Coapt Systems, Inc., the Company's distributor for its HYDRELLE product, made a general assignment for the benefit of creditors and an Assignee began the liquidation of Coapt's assets. The Company's Distribution Agreement with Coapt has been terminated, and the Company plans to directly distribute HYDRELLE in the interim while it determines its worldwide strategy for this product franchise.
Management Commentary
"We made good progress executing on our key goals and driving revenue growth during the second quarter," said Charles H. Sherwood, Ph.D., president and chief executive officer. "Our total revenue increased by 52% year-over-year, while product revenue grew 56%. Organic revenue was up 24% from the second quarter of 2009, driven by strong domestic and international sales of ORTHOVISC. Domestic ORTHOVISC sales were up 31% year-over-year, while international ORTHOVISC sales increased 18% during the same period."

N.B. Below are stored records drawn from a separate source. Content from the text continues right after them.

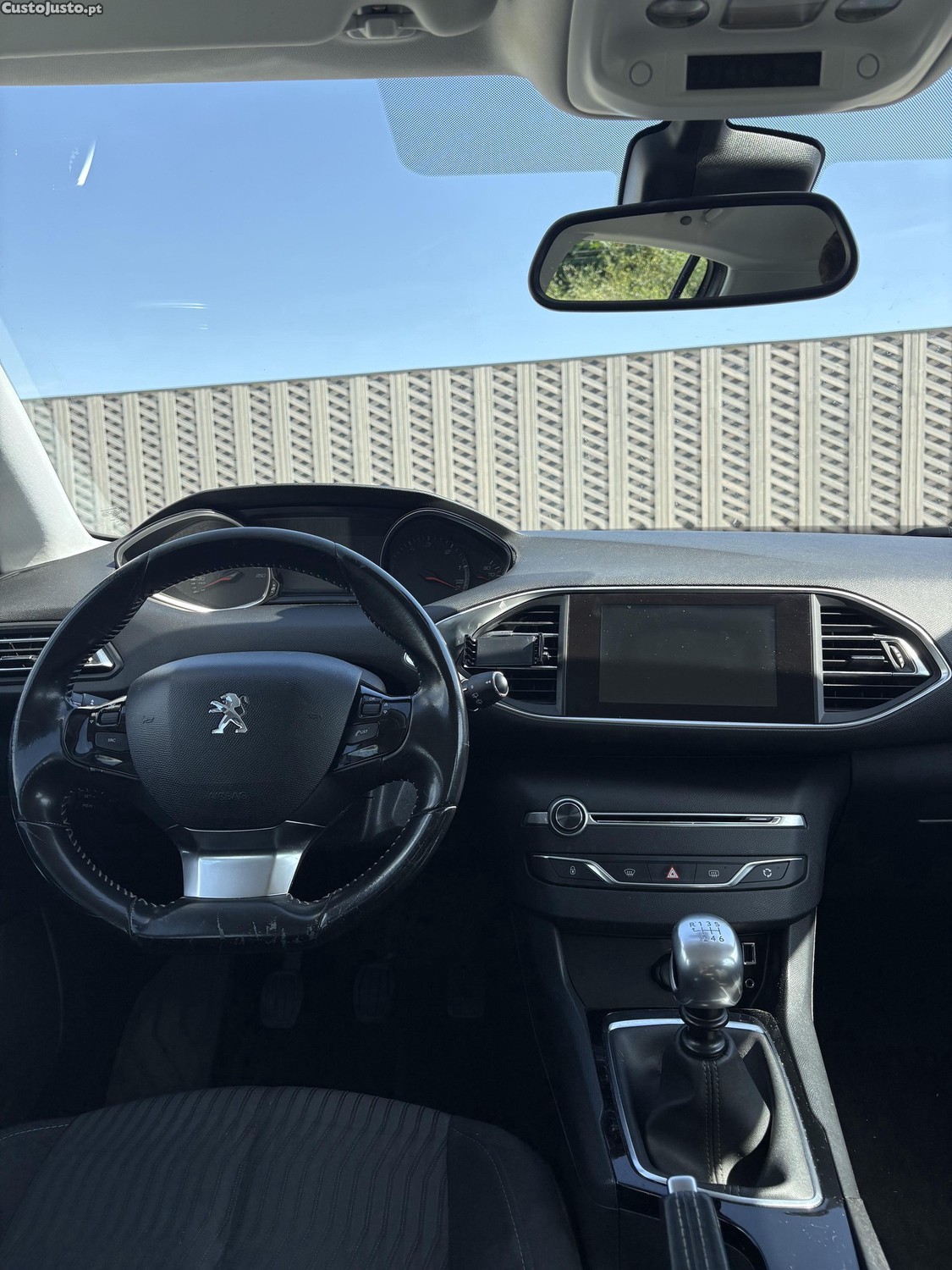 Peugeot 308 Active — fotografia 4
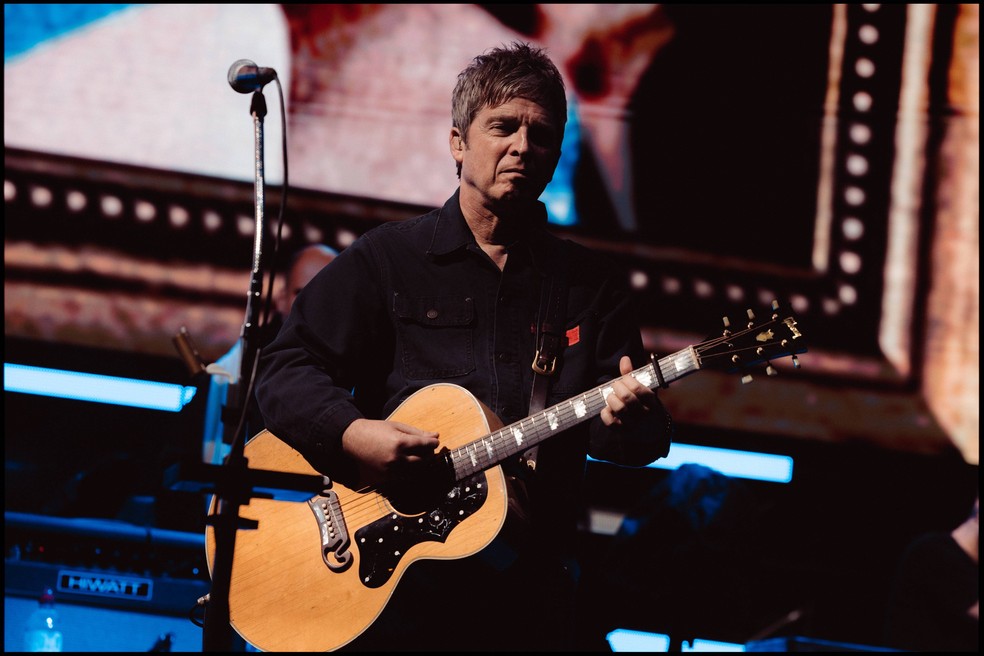 Noel Gallagher toca durante apresentação do Oasis, em São Paulo — Foto: Harriet K Bols/Divulgação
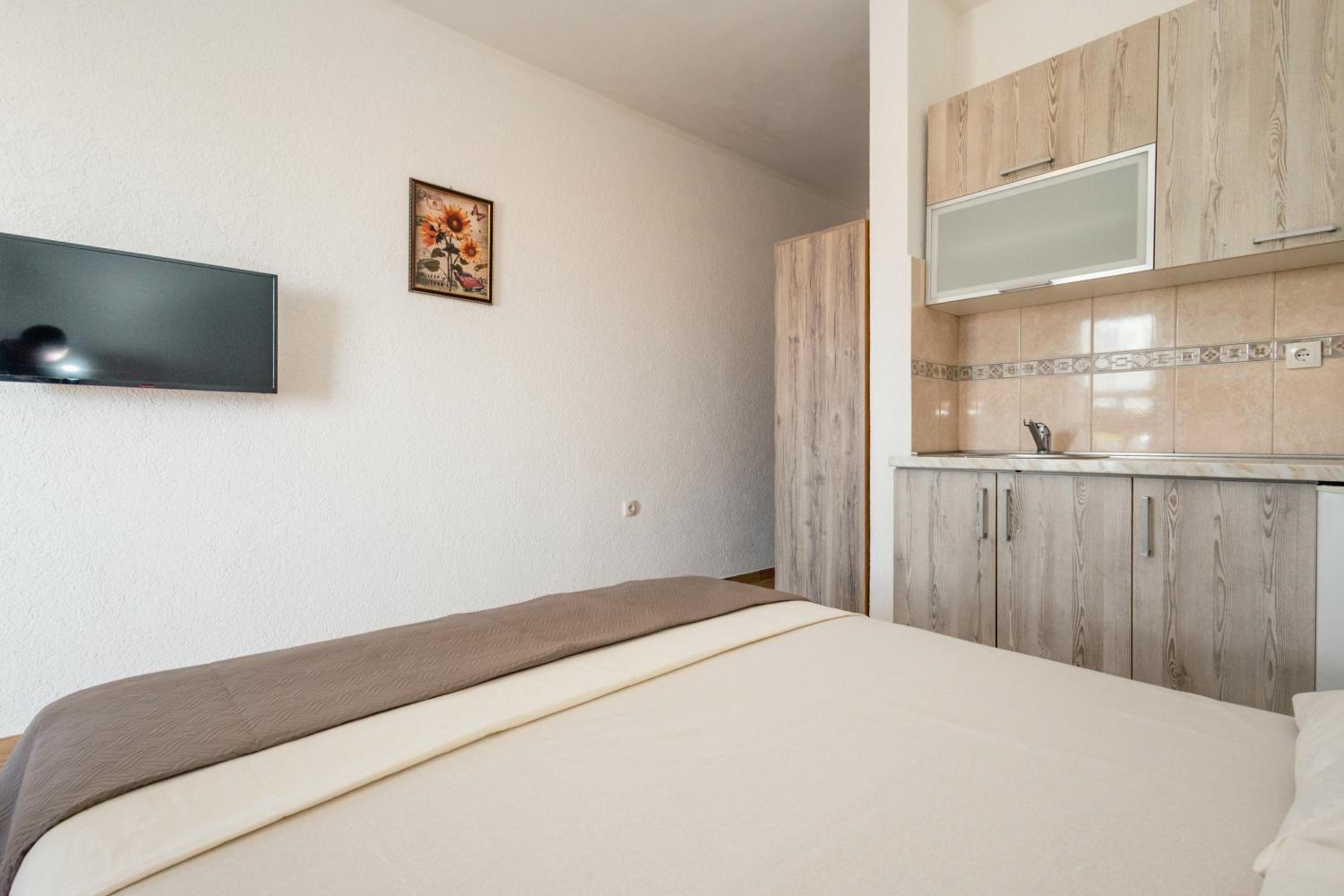 Kraja Apartments
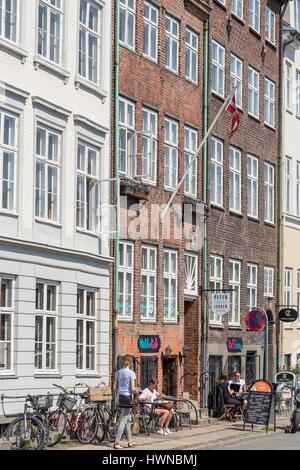 La Danimarca, la Zelanda, Copenaghen, Nybrogade, il caffè con terrazza sul canal grande Foto Stock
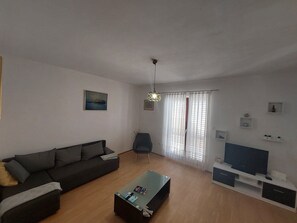 Apartamento (Two Bedroom Apartment with Terrace an) | Sala de estar | TV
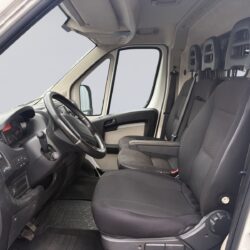 auto-Peugeot-Boxer-XNN364-202510151324-8
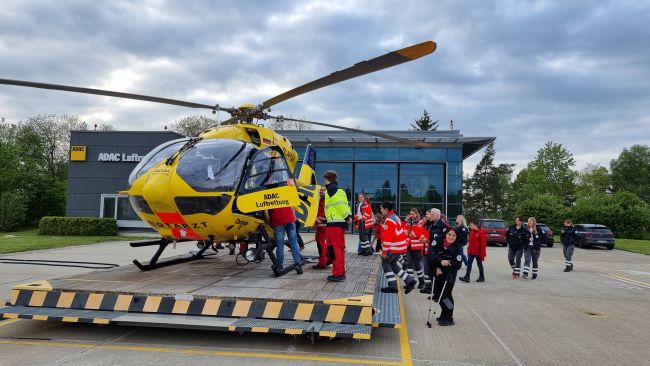 zu sehen sind DRK-Mitglieder bei der Besichtigung des Rettungshubschraubers Christoph 22 Ulm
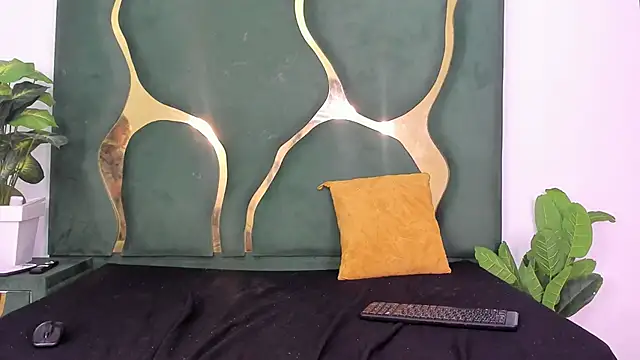 maryandjayasm online show from January 31, 2026, 8:29 pm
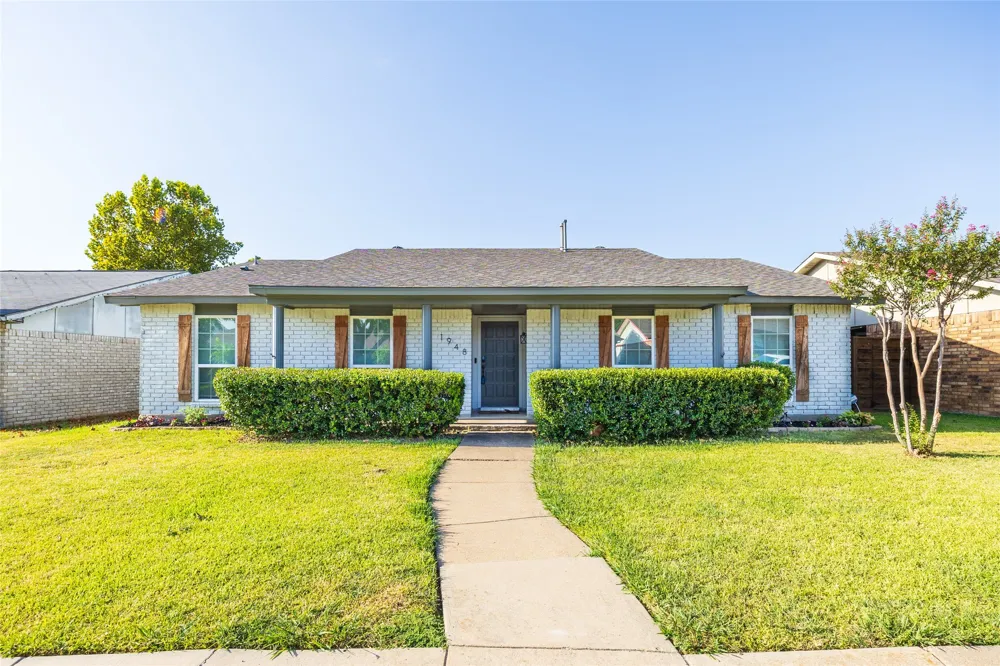 1948 Rambling Ridge Lane Carrollton, TX 75007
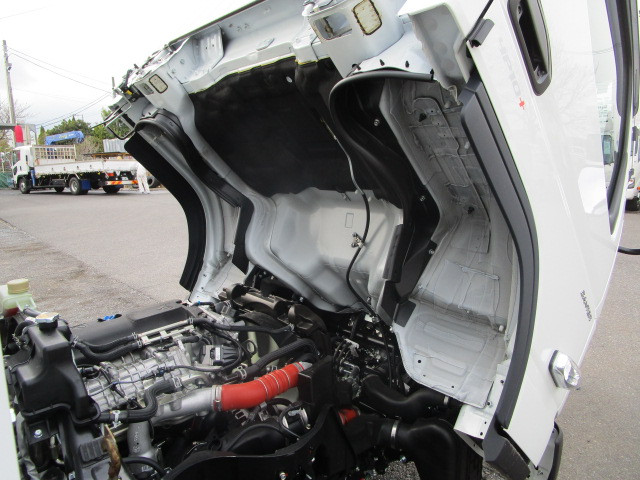 三菱 キャンター 2RG-FBA20(2WD)の写真39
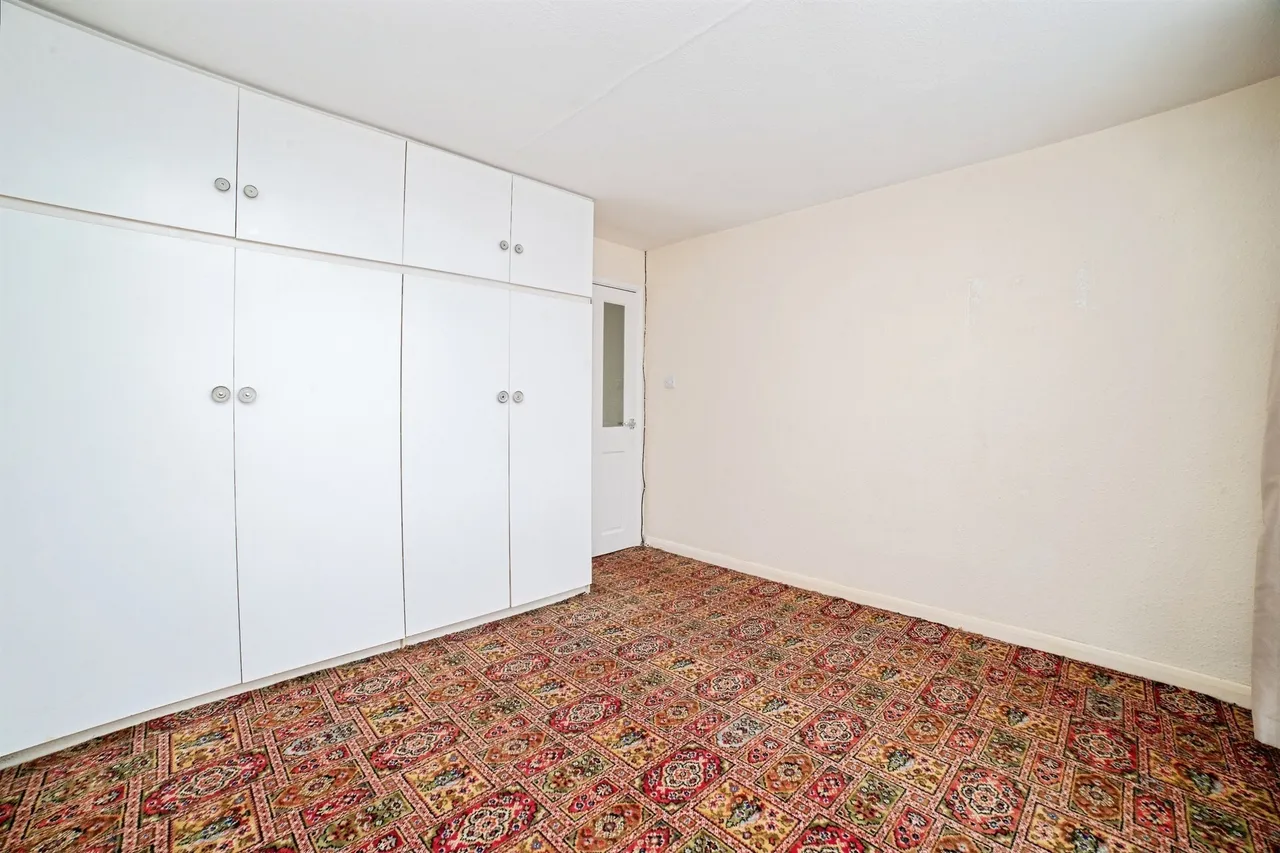 Lake Avenue, Loscoe, DE75, photo 13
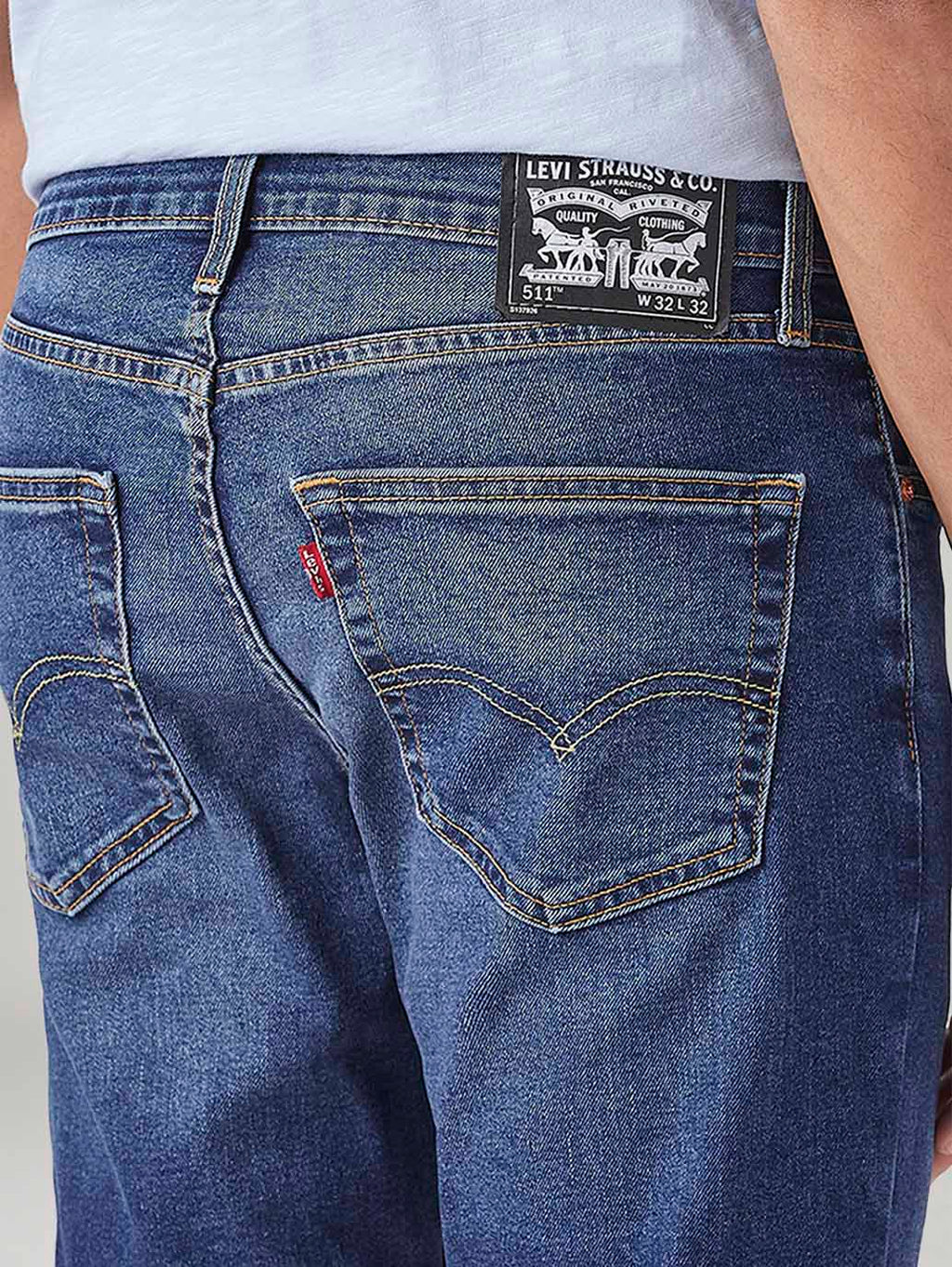 Men's 511 Blue Slim Fit Mid Rise Jeans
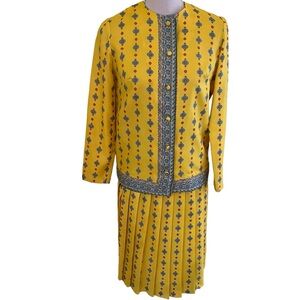 Vintage Pleated Skirt Suit Yellow with Foulard Print M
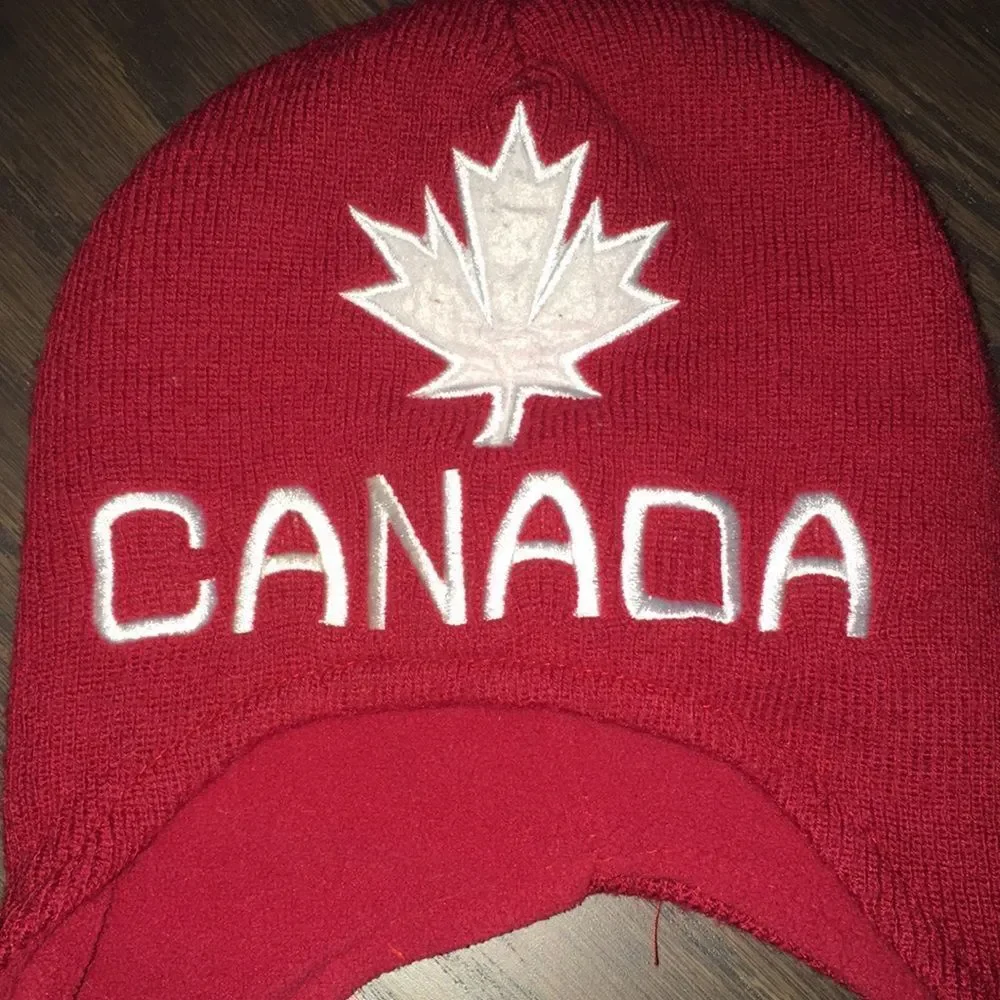 Ski Oh Canada Maple Leaf Red Goldilocks Ski Snowboard toque cap beanie hat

"Our second-quarter net income grew 12%, tempered by the dilutive effect of the FAB acquisition," said Sherwood. "One of our key goals for the year is to reduce FAB's operating loss, and we made progress on that goal during the quarter. At the same time, we made progress during the quarter in generating further cost synergies through the integration of FAB's operations with those of Anika. We completed the integration of the Anika and FAB research and development functions, implemented organizational changes at FAB, and began installing a new network and ERP system that will enable FAB and Anika to operate more effectively."
Sherwood continued, "on the regulatory front, during the quarter, in a meeting with the FDA on Anika's PMA for our single-injection osteoarthritis product MONOVISC, the FDA requested additional statistical analyses. We expect to submit the additional data requested and responses to the FDA's questions in September. This lengthens our approval process, and we currently believe will delay our timeline for launching MONOVISC in the U.S. market into 2011. We are also working on 510(K) applications for a number of FAB products, and anticipate the first approval by year-end 2010 with the other approvals to follow in early 2011."
"We continue to execute successfully on our strategic goals and produce solid financial results, both on a consolidated and organic basis," said Sherwood. "We are clearly advancing toward our vision to provide innovative therapeutic products which we believe will expand Anika's opportunities and position us for earnings growth."